Het substantiële/subtiele verschil tussen wenselijke en onwenselijke beïnvloeding speelt eveneens bij de interactie tussen opdrachtgever en onderzoeker over de uitkomsten van onderzoek. Ook hier is een stevige dialoog nodig, met ieder in zijn eigen, hierboven beschreven rol. In het geval van politiek omstreden kwesties is het raadzaam dat er een begeleidingscommissie is waarin de voornaamste betrokken belangen vertegenwoordigd zijn. Dit om ongewenste beïnvloeding en eenzijdige interpretaties te voorkomen. En ja, zo’n begeleidingscommissie helpt niet als de onderzoeker of een manager zonder de commissie daarbij te betrekken in de allerlaatste versie van een rapport nog iets wezenlijks aan de conclusies gaat wijzigen. Dat is een forse faux pas, en nog een domme ook. Want als het om een gevoelig onderwerp gaat en in de begeleidingscommissie inderdaad de voornaamste belangen zijn vertegenwoordigd, dan is de kans zeer groot dat dergelijk bedrog aan het licht komt. En dat is maar goed ook.

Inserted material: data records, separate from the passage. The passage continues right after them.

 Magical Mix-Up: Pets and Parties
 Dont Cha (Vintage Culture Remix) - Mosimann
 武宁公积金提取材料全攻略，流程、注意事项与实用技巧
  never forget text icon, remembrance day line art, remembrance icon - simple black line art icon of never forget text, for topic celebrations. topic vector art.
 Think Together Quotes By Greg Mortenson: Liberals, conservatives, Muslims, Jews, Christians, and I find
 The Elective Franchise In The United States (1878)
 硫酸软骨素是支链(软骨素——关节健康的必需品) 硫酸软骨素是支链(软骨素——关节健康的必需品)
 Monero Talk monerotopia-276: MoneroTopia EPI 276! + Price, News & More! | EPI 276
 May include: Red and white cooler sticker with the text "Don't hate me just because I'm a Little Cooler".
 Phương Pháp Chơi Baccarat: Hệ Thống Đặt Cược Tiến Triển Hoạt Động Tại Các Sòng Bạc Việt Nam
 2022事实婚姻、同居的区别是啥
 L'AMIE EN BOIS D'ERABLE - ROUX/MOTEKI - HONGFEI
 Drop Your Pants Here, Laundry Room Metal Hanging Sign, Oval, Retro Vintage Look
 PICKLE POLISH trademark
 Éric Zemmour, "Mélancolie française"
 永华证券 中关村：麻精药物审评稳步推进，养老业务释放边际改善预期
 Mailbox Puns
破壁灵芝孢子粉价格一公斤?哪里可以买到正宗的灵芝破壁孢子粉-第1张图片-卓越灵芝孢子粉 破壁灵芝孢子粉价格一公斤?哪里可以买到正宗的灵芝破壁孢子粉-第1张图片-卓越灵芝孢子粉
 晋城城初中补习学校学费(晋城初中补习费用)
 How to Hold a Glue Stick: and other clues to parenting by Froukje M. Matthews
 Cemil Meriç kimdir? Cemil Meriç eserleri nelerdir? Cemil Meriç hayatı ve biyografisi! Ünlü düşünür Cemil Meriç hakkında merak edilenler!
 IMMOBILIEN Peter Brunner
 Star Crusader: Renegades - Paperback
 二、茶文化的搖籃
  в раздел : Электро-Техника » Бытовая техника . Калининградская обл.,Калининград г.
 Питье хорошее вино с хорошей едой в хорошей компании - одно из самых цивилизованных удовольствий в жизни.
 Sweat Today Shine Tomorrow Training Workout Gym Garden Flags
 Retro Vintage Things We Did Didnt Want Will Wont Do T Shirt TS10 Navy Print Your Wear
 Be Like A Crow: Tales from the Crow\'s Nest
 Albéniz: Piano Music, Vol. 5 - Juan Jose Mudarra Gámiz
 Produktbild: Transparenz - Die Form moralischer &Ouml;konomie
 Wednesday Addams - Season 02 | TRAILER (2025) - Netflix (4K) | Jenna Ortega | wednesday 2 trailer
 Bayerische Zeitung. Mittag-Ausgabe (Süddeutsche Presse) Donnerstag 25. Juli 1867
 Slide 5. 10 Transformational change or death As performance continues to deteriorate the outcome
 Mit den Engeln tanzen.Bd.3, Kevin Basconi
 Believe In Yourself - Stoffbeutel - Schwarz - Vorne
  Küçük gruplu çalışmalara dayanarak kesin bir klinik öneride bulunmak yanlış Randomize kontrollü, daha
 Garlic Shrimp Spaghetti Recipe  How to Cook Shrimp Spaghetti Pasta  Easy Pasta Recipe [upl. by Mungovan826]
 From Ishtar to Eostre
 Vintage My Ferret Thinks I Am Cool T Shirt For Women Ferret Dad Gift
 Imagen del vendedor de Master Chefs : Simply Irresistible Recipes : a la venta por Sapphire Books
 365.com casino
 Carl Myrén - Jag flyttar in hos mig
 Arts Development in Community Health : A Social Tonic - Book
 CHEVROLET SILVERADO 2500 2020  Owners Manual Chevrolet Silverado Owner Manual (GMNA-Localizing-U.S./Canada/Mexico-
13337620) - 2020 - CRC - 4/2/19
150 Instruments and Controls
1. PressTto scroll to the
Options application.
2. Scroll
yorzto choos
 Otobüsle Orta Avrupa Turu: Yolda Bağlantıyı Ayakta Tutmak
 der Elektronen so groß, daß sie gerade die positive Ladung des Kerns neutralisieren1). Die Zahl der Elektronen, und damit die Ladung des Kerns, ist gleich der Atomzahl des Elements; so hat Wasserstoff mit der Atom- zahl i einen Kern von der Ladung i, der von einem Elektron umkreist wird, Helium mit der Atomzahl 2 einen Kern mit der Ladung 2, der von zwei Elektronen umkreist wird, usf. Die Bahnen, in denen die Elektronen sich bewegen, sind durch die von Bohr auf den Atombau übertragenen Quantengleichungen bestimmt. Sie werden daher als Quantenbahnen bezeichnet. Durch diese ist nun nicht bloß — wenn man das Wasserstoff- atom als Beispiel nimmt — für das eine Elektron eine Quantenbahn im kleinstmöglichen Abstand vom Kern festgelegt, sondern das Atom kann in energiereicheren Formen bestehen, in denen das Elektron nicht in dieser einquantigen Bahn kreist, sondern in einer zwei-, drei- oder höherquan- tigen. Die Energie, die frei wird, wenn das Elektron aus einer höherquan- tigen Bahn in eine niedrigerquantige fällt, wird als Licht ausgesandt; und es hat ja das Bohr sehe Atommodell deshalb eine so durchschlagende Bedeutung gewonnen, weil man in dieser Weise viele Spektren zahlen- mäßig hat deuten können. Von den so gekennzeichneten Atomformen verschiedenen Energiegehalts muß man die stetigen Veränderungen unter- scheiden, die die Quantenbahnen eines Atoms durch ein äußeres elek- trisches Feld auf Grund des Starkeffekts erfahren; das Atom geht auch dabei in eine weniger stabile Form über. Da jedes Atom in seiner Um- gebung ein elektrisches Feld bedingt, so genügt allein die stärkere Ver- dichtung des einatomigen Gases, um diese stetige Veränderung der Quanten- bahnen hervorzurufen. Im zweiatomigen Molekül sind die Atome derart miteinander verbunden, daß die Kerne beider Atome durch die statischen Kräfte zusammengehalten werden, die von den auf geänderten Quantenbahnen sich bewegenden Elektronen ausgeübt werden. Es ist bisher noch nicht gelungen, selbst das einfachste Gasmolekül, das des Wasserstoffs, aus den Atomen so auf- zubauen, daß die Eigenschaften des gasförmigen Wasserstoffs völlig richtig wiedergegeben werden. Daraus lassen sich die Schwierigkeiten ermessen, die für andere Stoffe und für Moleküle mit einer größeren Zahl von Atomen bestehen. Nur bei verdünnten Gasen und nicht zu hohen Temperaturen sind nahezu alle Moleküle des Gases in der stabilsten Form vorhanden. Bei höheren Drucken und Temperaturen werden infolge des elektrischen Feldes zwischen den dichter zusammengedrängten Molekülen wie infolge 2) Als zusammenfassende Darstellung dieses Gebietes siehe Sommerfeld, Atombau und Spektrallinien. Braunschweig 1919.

Moeten we nu blij zijn met wat er aan het licht is gekomen? In ieder geval is het positief dat de oplettendheid over wat wel en niet kan in beleidsonderzoek weer een nieuwe impuls heeft gekregen. Maar als de noodzakelijke interactie tussen beleidsmakers en beleidsonderzoekers er het slachtoffer van wordt, moeten we zeker niet blij zijn met de WODC-affaire.